It doesn't compare in magnitude to some of the other things that we've been talking about, but there is a lot of land that's publicly owned. Caltrans, for example, and the school districts own a significant amount of land in this city and the revenue and the public policy dimensions are extremely large. There's also a very important public policy component to those issues because the neighbors and the residents in the surrounding area have very strong opinions about parks and open space.

David Abel: Any final thoughts?

Maria Hummer: Although I wouldn't term this a sleeper issue, I feel the issue of affordable housing is of primary importance in the city.
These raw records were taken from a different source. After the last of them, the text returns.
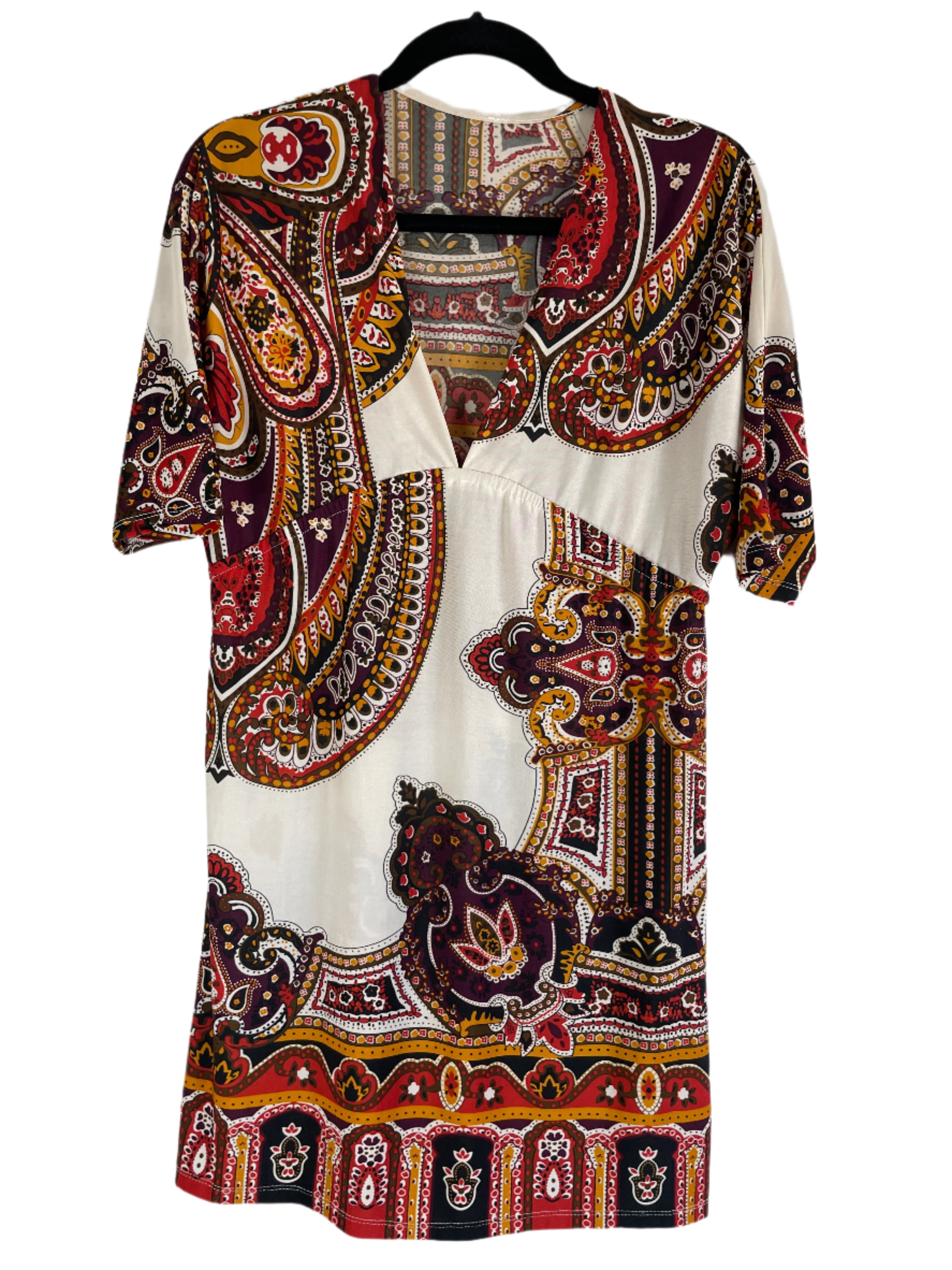 Paisley patterned dress on a white background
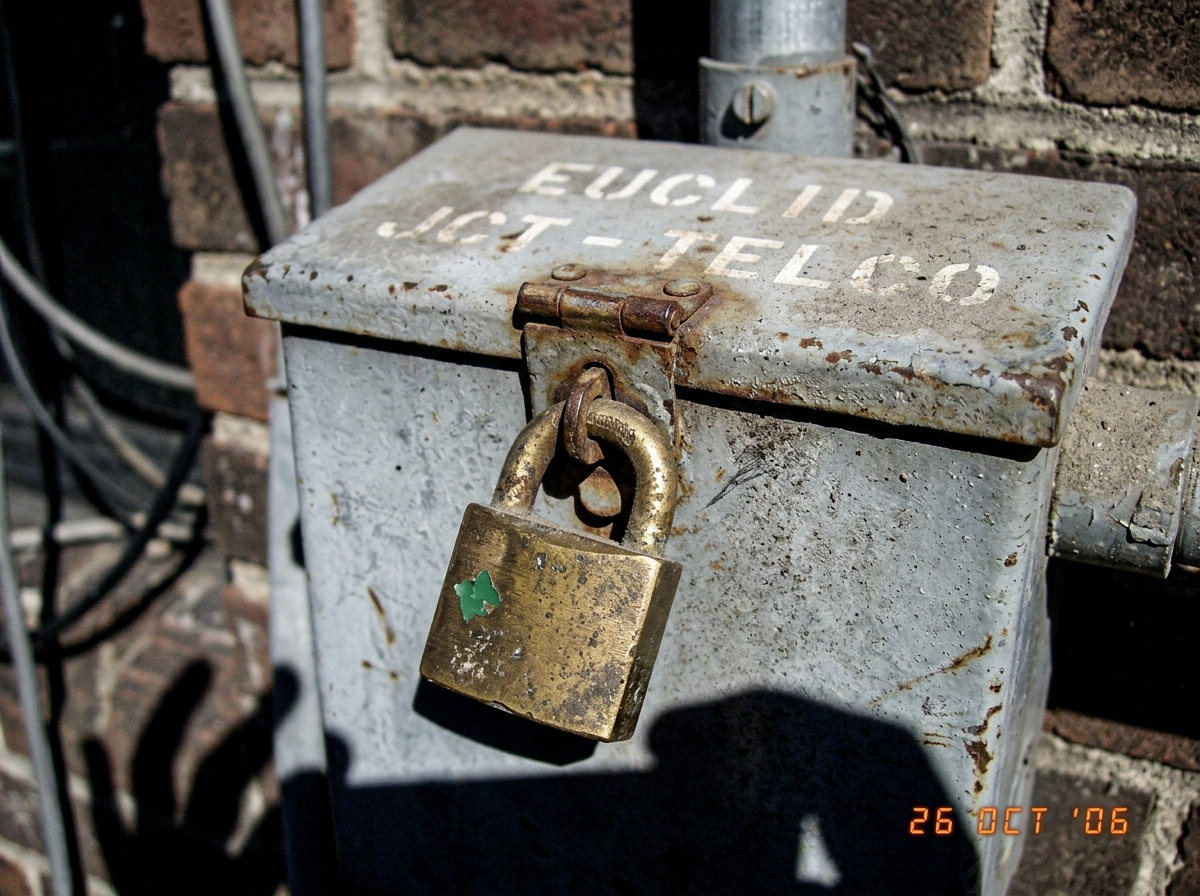A close-up of a brass padlock on a metal junction box. The padlock is dusty and tarnished, with a green paint fleck visible on one side. The junction box is labelled 'EUCLID JCT - TELCO' in faded stencilled letters. Hand shadow visible at the edge of frame from the photographer holding the camera.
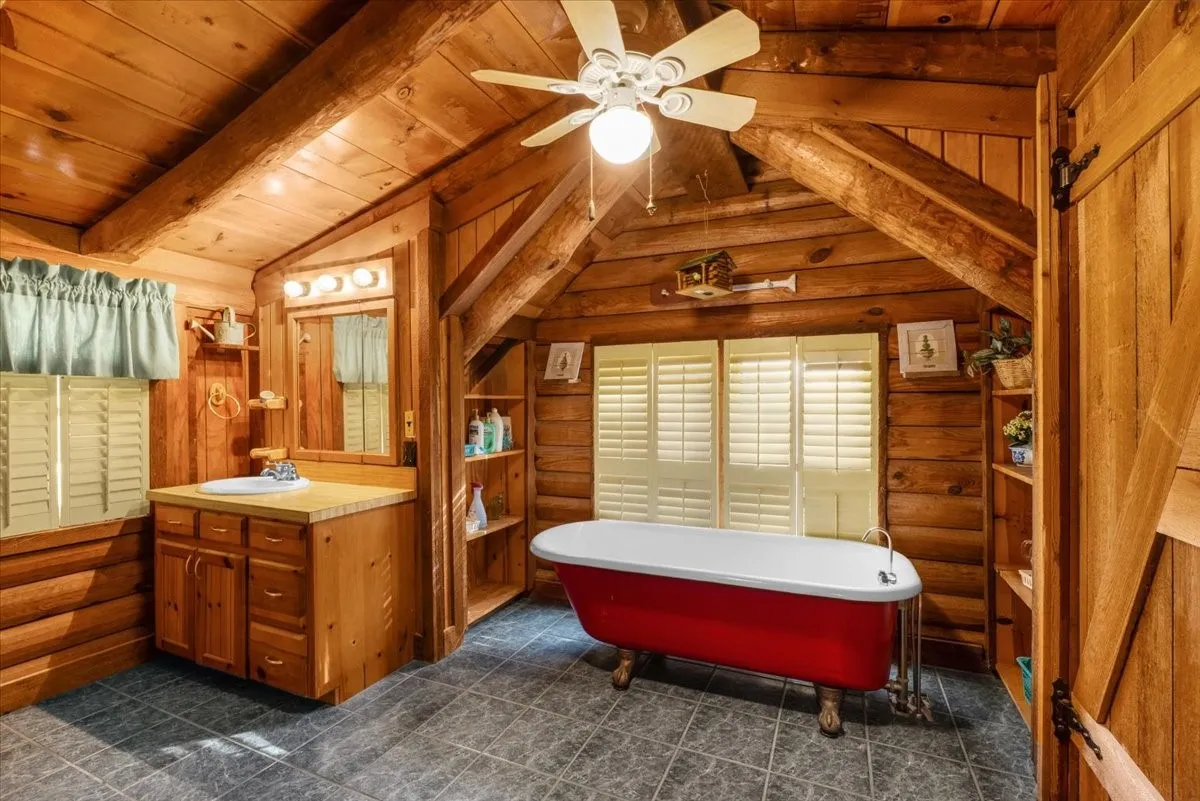 Bathroom featuring log walls, a freestanding bath, vanity, ceiling fan, and wood ceiling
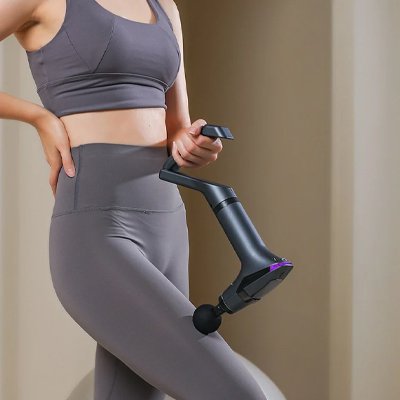 Pistolet de massage sur la jambe poingnee longue 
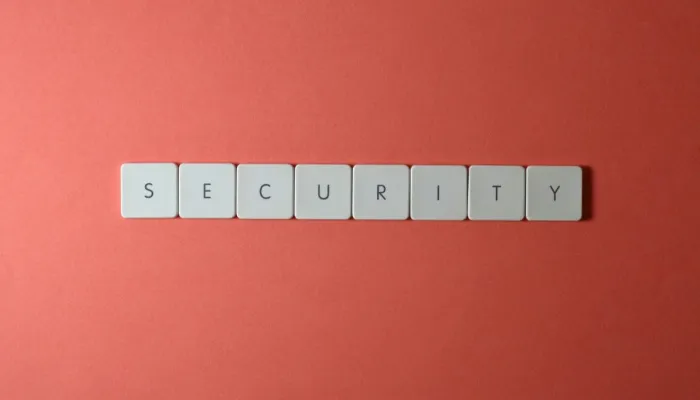 scrabble tiles spell the word security on a red background
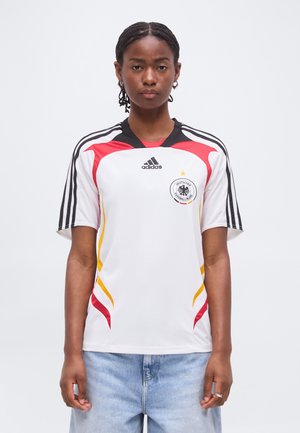 Jeune femme aux cheveux tressés portant un maillot de football blanc Adidas Allemagne avec des accents rouges et jaunes et un jean bleu clair.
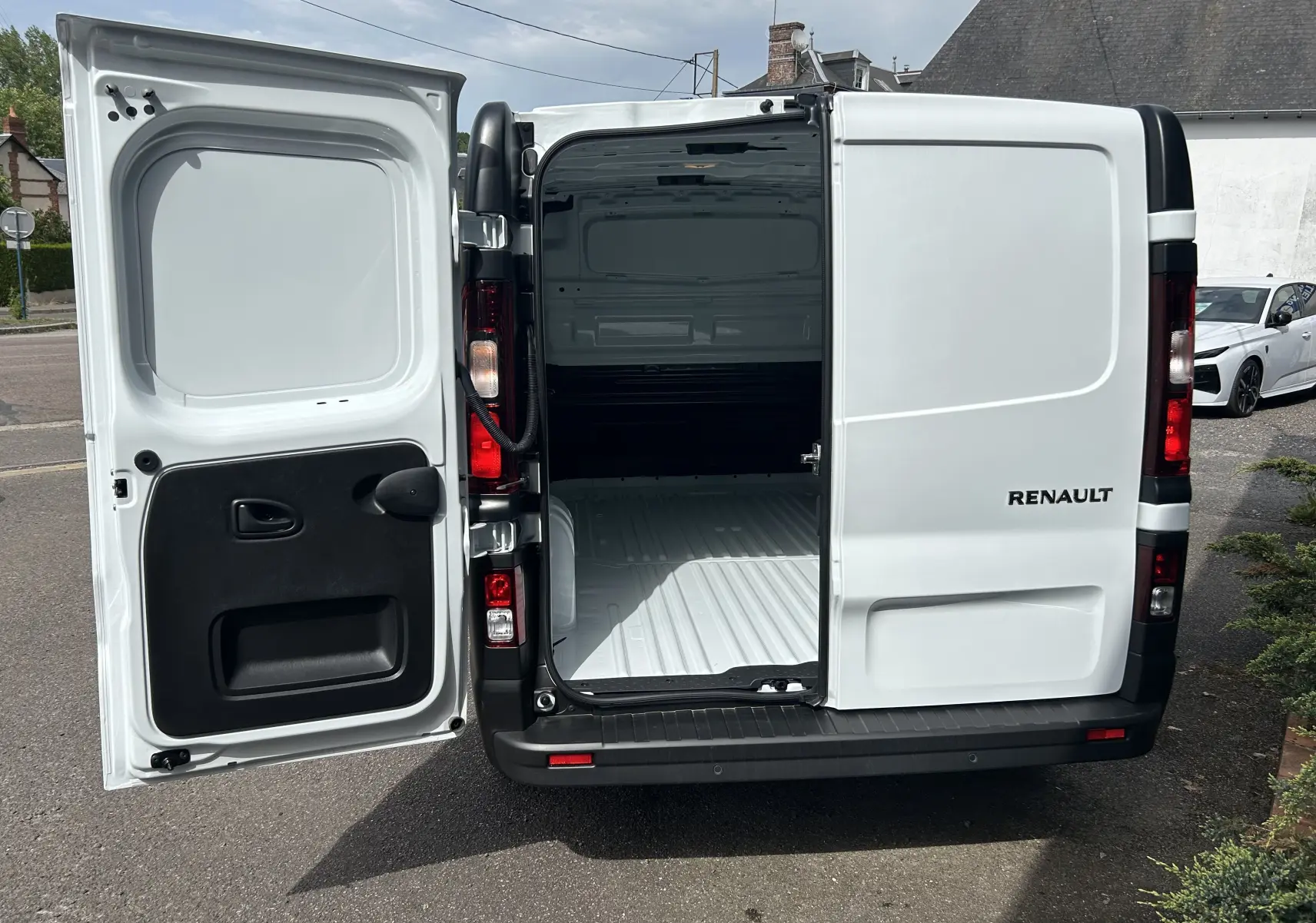 Vue arrière du Renault Trafic blanc avec portes battantes ouvertes montrant l’espace de chargement vide.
It has not received as much attention as other significant issues such as transportation matters, sewer capacity, and air quality; however, I believe that working towards solving what some call the affordable housing crisis should be a primary goal of 1989.

Progress towards the solution can best be made through a working together of the public and private sectors--not just on a citywide, but on a region wide basis--to address this complex problem.

Leon Whiteson: My feeling is that Los Angeles is continuing in its makeshift way of action and reaction without knowing or understanding what is happening to it, and what is happening to regional metropolises all over the world. In the last decades since World War II, the world has developed into a network of regional metropolises that trade and react with one another.

But we do not have an intellectual grasp at how the situation of L.A. relates to what has happened globally; decisions made in Tokyo could change everything that happens here, yet we still look from an extremely localized perspective. We can't even think regionally within Southern California! Therefore, while Los Angeles prides itself of being part of this mythical entity, the Pacific Rim, we do not think of how Los Angeles relates as a power center in relation to other power centers, and what the implications are for itself in doing that.

L.A. has always been a makeshift city, designed not to get in people's way. People could go about, make their livings and enjoy themselves without even having to look at the city or notice the streets. You look at the mountains, perhaps. None of our leaders have the--1 wouldn't say intelligence--but the intellectual capacity to frame this and say: L.A. is now a big boy in a very different world than used to be, and we have political structures and social structures and attitudes that are ante-diluvian.

We need to understand much more about the city than we even begin to know. We have used buzz words like design, urban design, linkages. I’m as much in favor of urban design as anybody else, but we don't know what that really means. Not even architects or urban designers quite know what they're talking about. Every economy is vulnerable to every other, yet we talk about very local kinds of situations, and that makes us deal with problems in a series of makeshifts, which may or may not work. The community planning advisory committees, for instance, have been set up as a kind of makeshift solution. Maybe L.A. will survive through this series of make-shifts and maybe it won't, but I'm doubtful. Such limited perspectives don't work that well in the world we now live in.